The Mount of Olives is first mentioned in connection with David's flight from Absalom
: "And David went up by the ascent of the Mount of Olives, and wept as he went up." The ascent was probably east of the City of David, near the village of Silwan.

Site of "the glory of the Lord"

The sacred character of the mount is alluded to in the Book of Ezekiel : "And the glory of the Lord went up from the midst of the city, and stood upon the mountain which is on the east side of the city."

"Mount of Corruption"

The biblical designation "Mount of Corruption," "Mount of Ruination" or "Mount of Offense," or in Hebrew Har HaMashchit, derives from the idol worship there, begun by King Solomon building altars to the gods of his Moabite and Ammonite wives on the southern peak, "on the mountain which is before Jerusalem", just outside the limits of the holy city.

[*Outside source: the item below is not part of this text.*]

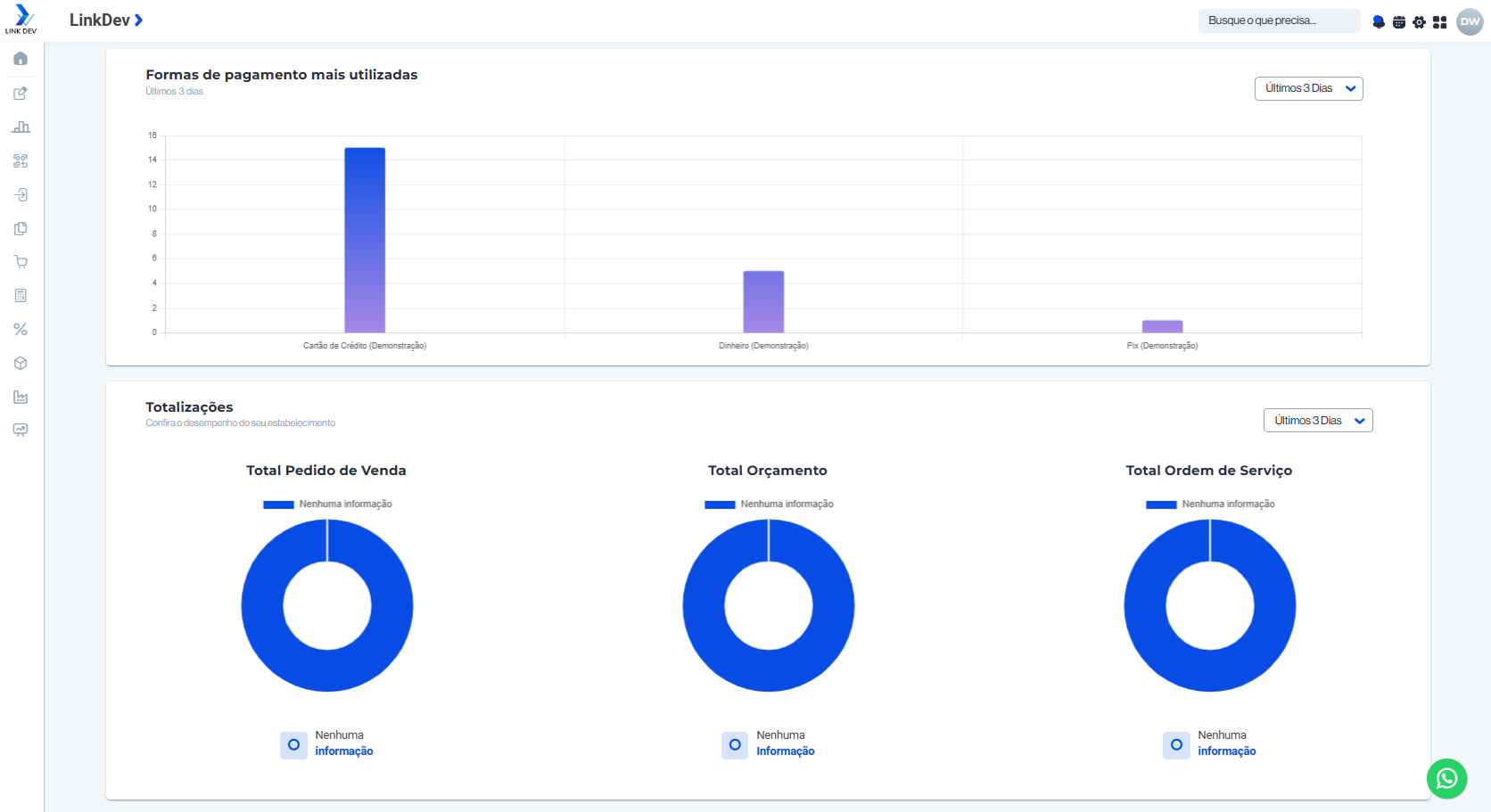 Plataforma LinkDev Sistemas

This site was known for idol worship throughout the First Temple period, until King Josiah finally destroyed "the high places that were before Jerusalem, to the right of Har HaMashchit...".

Apocalypse, resurrection, and burials

An apocalyptic prophecy in the Book of Zechariah states that YHWH will stand on the Mount of Olives and the mountain will split in two, with one half shifting north and one half shifting south. According to the Masoretic Text, people will flee through this newly formed valley to a place called Azal. The Septuagint has a different reading of Zechariah 14:5 stating that a valley will be blocked up as it was blocked up during the earthquake during King Uzziah's reign. Jewish historian Flavius Josephus mentions in Antiquities of the Jews that the valley in the area of the King's Gardens was blocked up by landslide rubble during Uzziah's earthquake. Israeli geologists Wachs and Levitte identified the remnant of a large landslide on the Mount of Olives directly adjacent to this area. Based on geographic and linguistic evidence, Charles Simon Clermont-Ganneau, a 19th-century linguist and archeologist in Palestine, theorized that the valley directly adjacent to this landslide is Azal. This evidence accords with the LXX reading of Zechariah 14:5, which states that the valley will be blocked up as far as Azal. The valley he identified lies south of both Jerusalem and the Mount of Olives.
Many Jews have wanted to be buried on the Mount of Olives since antiquity, based on the Jewish tradition that when the Messiah comes, the resurrection of the dead will begin there. There are an estimated 150,000 graves on the Mount. Notable rabbis buried on the mount include Chaim ibn Attar and others from the 15th century to the present day. Tradition wrongly identifies Roman-period tombs at the foot of the mount as those of Zechariah and Absalom, and a burial complex of the same period on the upper slope as the Tomb of the Prophets Haggai, Zechariah and Malachi.

New Testament references

The Mount of Olives is frequently mentioned in the New Testament as part of the route from Jerusalem to Bethany and the place where Jesus stood when he wept over Jerusalem.
Jesus is said to have spent time on the mount, teaching and prophesying to his disciples, including the Olivet Discourse, returning after each day to rest, and also coming there on the night of his betrayal. At the foot of the Mount of Olives lies the Garden of Gethsemane. The New Testament tells how Jesus and his disciples sang together – "When they had sung the hymn, they went out to the Mount of Olives" Gospel of Matthew 26:30. Jesus ascended to heaven from the Mount of Olives according to Acts 1:9–12.

Gnostic references

Again, the story of Jesus with his disciples on the Mount of Olives can be found in the Gnostic text Pistis Sophia, dated around the 3rd to 4th century CE.